I looked back at the house. The sun was higher in the sky. The shadows had dropped down into the trees. The house looked cold and empty and drab in the bright light.

“It all seems too easy,” I said.

“What does?” she said.

“The baby carriage filled with trophies from his crimes. The boxed cards with X’s cut on them.”

“He’s a trophy killer,” she said.

Clete was talking to Sean by the gallery while Sean stared at his feet as though being berated. Clete walked toward me. “Can you give us a minute, Miss Bailey?” he said.

“No, I cannot,” she said. “Where do you get off with that attitude?”

“I was just wondering about McClain,” he said.

“What about him?” she said.

“He told me he might be going out to Hollywood.
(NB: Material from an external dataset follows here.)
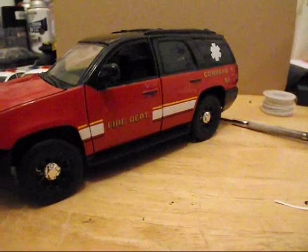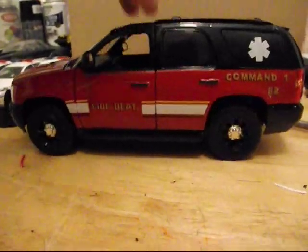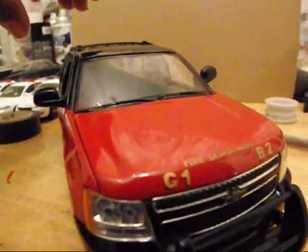We got the command unit done. As soon as somebody saw the picture, they wanted it, and they wanted it to have the light in the back center there, and the light on the visor.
That Cormier might be casting him.”

“What does that have to do with anything?” she said. “He’s a kid.”

“I thought he was North Lousiana’s answer to the Lone Ranger,” Clete said.

“What did you tell him?” I asked.

“That he shouldn’t be palling around with a guy who might be aiding and abetting a murderer,” Clete said.

I stared at Sean in the sunlight. He wore a department hat that made his face look gray and dusty under the brim, as if he had been working all day in a field. He tried to smile at me, but his lip seemed to catch on a bottom tooth.

“You sure that kid’s not hinky?” Clete said.

My cell phone vibrated in my pocket. It was Lou Wexler.